Henry Kirby in London -
Czechs have little faith in public institutions and believe corruption to be widespread in many key areas of the public sector, according to new research by Prague-based polling company the Public Opinion Research Centre.
The study, published on April 10, asked a sample of 1,045 Czech citizens to rate various public institutions according to how corrupt or susceptible to bribery they deem them to be. As the first bne:Chart shows, the majority of Czechs since the survey began in 2004 believe either the majority of or all public officials are corrupt or in receipt of bribes.
The latest poll in 2015 showed a slight improvement from the previous year’s one, with 27% of respondents believing that either very few or less than half of public officials engage in corrupt activity, up 7 percentage points from just 20% in 2014. That is likely due to the 2014 formation of a coalition government made up of the Czech Social Democratic Party and the new centrist ANO party of billionaire Andrej Babis, which fought the latest election on an anti-corruption platform.
A massive 75% of respondents in 2014 believed that either the majority of or almost all public officials were corrupt – the highest proportion of negative responses since the study began in 2004 – as trust in government reached a nadir when former prime minister Petr Nečas' government collapsed in the summer of 2013 in a welter of spying and bribery allegations.
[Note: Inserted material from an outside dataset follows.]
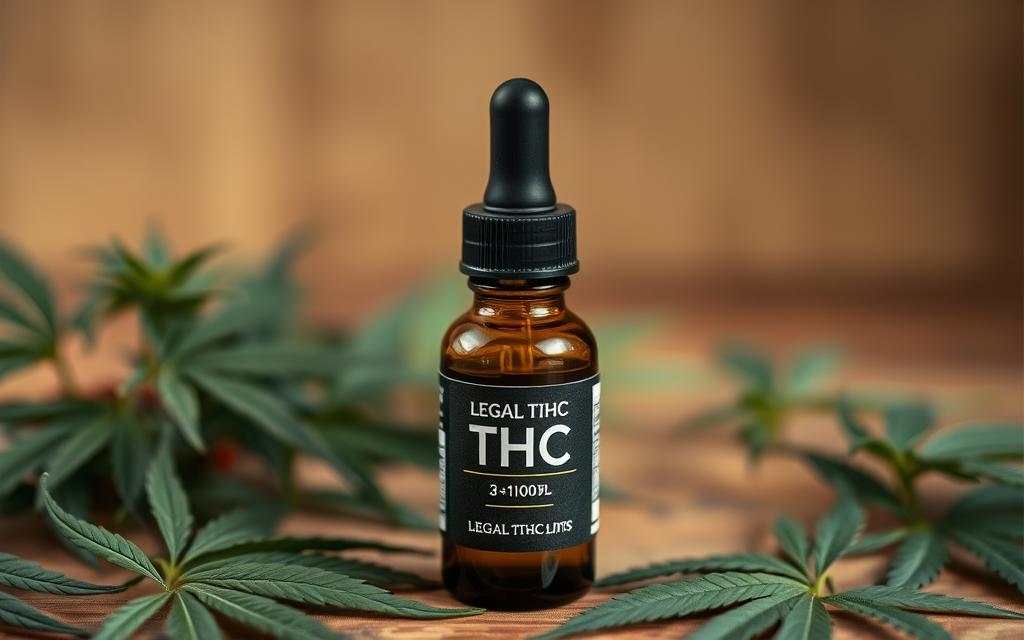 legal-thc-limits-in-cannabis-oil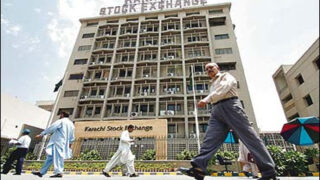 Karachi Stock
When asked how corrupt they believe different areas of the public sector to be, respondents cited political parties, agencies responsible for EU subsidies and central government as the most corrupt.
However, public mistrust of the government predates the 2013 corruption scandal, as the third bne:Chart shows. Political parties and central government agencies have consistently been considered the most corrupt public institutions since 2001.